Na aparência, com efeito, nada de comum existe entre estes dois temas, “Reforma Agrária” e família. Se considerarmos a grande cópia de material até aqui publicado pró ou contra a “Reforma Agrária” (pelo menos na medida em que nos tem sido possível conhecê-la), nada encontraremos que aponte um nexo entre um e outro.
Contudo, o problema das relações entre a “Reforma Agrária” e a instituição da família se impõe. De fato, desde os primórdios da História a família e a propriedade privada existem. E não se trata apenas, entre uma e outra instituição, de uma coexistência fria e fortuita, mas de uma simbiose íntima que vem durando ininterruptamente até nossos dias. Esta simbiose indica, já à primeira vista, uma afinidade profunda ligando a propriedade privada e a família. Esta afinidade não resultará de um nexo natural indissolúvel entre ambas? Se assim é, que conseqüências acarretará para a família o golpe que a “Reforma Agrária” se propõe desferir contra o instituto da propriedade privada?
Para uma alma genuinamente cristã, e impregnada, pois, dos sentimentos de amor e veneração que a instituição da família merece, tal pergunta não pode deixar de interessar.
Como o direito de apropriar-se, a natureza humana gera outrossim o direito de constituir família.
Não é difícil mostrar a correlação entre a propriedade e a família. Com efeito, os gastos com a manutenção do lar e a educação condigna dos filhos tocam, naturalmente, ao seu chefe. Assim constitui-se em favor daquela, sobre o trabalho deste, um direito natural mais próximo e mais grave do que os eventuais direitos da sociedade. Tal direito tem por objeto não só o que o homem ganha, mas também o que ele acumula.
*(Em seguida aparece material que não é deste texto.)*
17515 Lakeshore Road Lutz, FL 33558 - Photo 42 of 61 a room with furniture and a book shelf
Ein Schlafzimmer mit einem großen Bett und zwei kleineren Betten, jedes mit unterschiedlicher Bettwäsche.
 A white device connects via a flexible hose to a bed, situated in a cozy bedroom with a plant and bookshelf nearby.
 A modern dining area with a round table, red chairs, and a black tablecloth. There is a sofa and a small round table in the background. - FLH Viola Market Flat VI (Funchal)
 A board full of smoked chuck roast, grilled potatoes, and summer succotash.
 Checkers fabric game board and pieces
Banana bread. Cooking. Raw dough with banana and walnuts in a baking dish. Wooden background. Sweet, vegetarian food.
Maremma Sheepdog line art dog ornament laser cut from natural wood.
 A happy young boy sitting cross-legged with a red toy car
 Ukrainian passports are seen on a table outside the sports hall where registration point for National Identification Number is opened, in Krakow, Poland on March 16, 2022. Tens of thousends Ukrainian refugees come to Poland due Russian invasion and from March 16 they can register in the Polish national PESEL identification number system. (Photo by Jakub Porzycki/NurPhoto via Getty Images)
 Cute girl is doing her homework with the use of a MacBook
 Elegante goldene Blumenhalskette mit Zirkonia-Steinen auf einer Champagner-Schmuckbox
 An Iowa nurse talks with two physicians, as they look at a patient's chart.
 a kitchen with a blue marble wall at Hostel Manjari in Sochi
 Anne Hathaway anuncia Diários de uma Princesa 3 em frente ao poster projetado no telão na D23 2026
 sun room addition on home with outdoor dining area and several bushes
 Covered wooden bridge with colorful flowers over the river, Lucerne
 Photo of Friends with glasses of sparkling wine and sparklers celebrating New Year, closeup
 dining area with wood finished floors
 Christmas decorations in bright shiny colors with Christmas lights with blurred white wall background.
Porque o lar acarreta para seu chefe encargos maiores do que os do solteiro, e porque esses encargos dizem respeito a uma sociedade naturalmente estável, como é a família, os argumentos que justificam o direito de propriedade tomam tal força, quando considerados em função dela, que, enquanto trabalhar, acumular e prosperar pode ser não raro para um indivíduo isolado mais um direito do que um dever, para o chefe de família é, em geral, antes um dever do que um direito. Reciprocamente, quando o homem está em situação de ganhar o necessário para a manutenção condigna de mais de uma pessoa, ele tende, salvos casos de vocação especial, a constituir um lar. Sua condição de proprietário de recursos maiores do que sua necessidade leva-o à condição de chefe de família. Propriedade e família são, pois, instituições conexas e, mais do que isso, conaturais.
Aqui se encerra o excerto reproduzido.